Jack Phillips | Epoch Times
A Chinese professor was removed from his job after criticizing founding Chinese Communist Party chairman Mao Zedong on what would have been the dictator’s 123rd birthday.
Deng Xiaochao, 62, an art professor at Shandong Jianzhu University in central China, suggested in a Dec. 26 post on Chinese social media that Mao was responsible for the severe famines and mass deaths before and during his reign.
Chinese leftists then harassed him online, calling him “the People’s Public Enemy” and other Maoists slogans and labels. Shandong Jianzhu University then fired Deng for his “erroneous remarks” on Jan. 5, according to the state-run Global Times tabloid.
Deng wrote in a now-deleted post: “If he’d died in 1945, China would have seen 6 million fewer killed in war. If he’d died in 1958, 30 million fewer would’ve starved to death.
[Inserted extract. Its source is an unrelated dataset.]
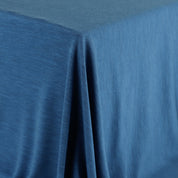 Pure Merino Interlock - Blue Heather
It wasn’t until 1976 when he finally died that we at last had food to eat. The only correct thing he did was to die,” as reported by the Wall Street Journal.
After the Second World War, the Communist Party launched a civil war against the ruling Chinese Nationalist Party (Kuomintang), and forcibly seized power in 1949. The Nationalists had done most of the fighting against the invading imperial Japanese army and was severely weakened, a situation that the communists capitalized on.
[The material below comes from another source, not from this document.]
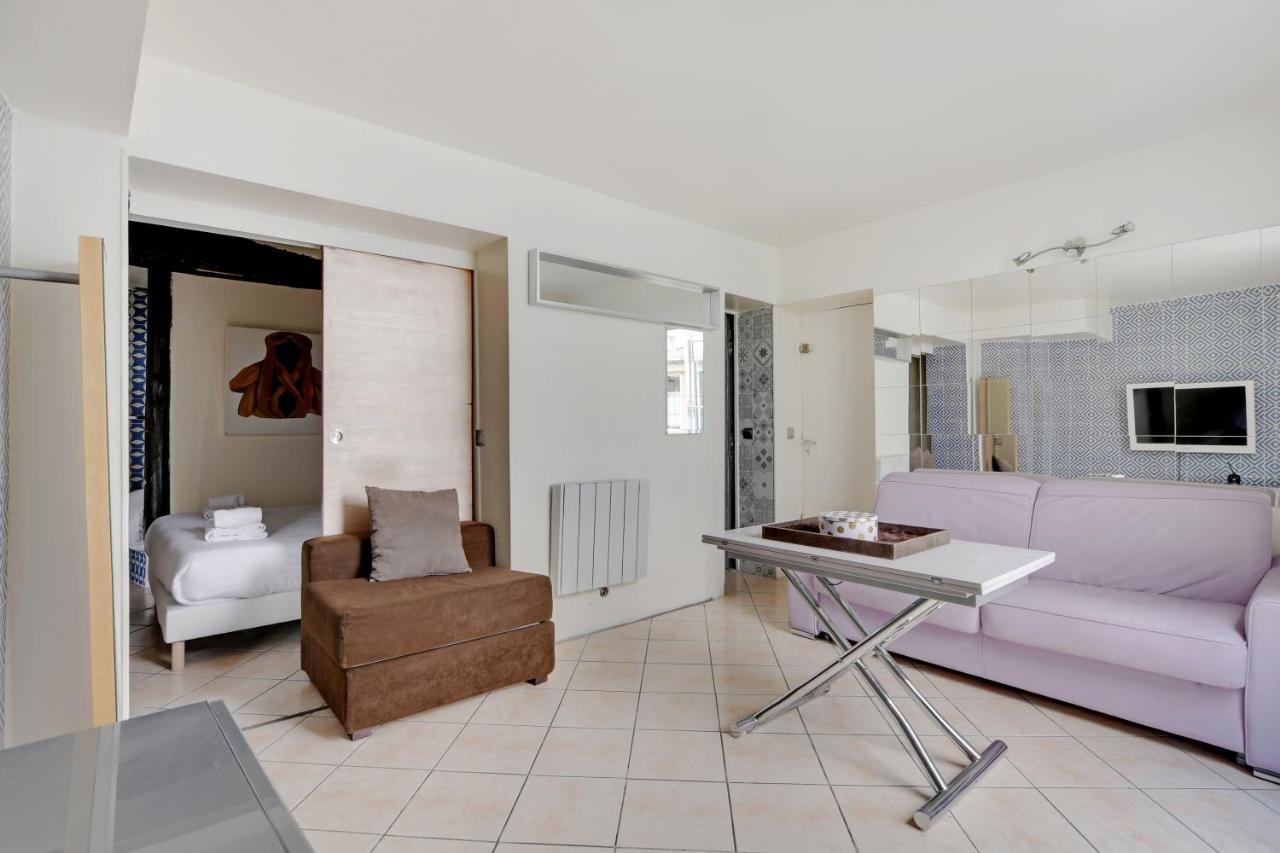 Pick A Flat'S Apartment In Les Halles - Rue Des Lombards パリ エクステリア 写真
From 1958 to 1961, Mao launched the Great Leap Forward, a economic and social campaign to industrialize and collectivize China which resulted in 45 million people beaten, starved, or worked to death, according to Frank Dikotter, a Hong Kong-based historian. “It ranks alongside the gulags and the Holocaust as one of the three greatest events of the 20th century…. It was like [Cambodian communist dictator] Pol Pot’s genocide multiplied 20 times over,” Dikotter recently wrote about the Great Leap Forward.
Historians estimate that as many as two million were killed because of the Cultural Revolution, a political campaign that Mao started in order to eliminate his political enemies and eradicate traditional Chinese culture.
Despite having wrecked the country’s economy and caused the deaths of millions through disastrous campaigns, the Party largely absolved Mao several years after his death. Deng Xiaoping, Mao’s successor, described the dictator as “three parts bad, seven parts good.” But the Chinese regime continues to clamp down on public discussion of Mao’s controversial rule.
Today, the Chinese currency carries Mao’s image, and a giant portrait of the dictator hangs in Beijing’s Tiananmen Square.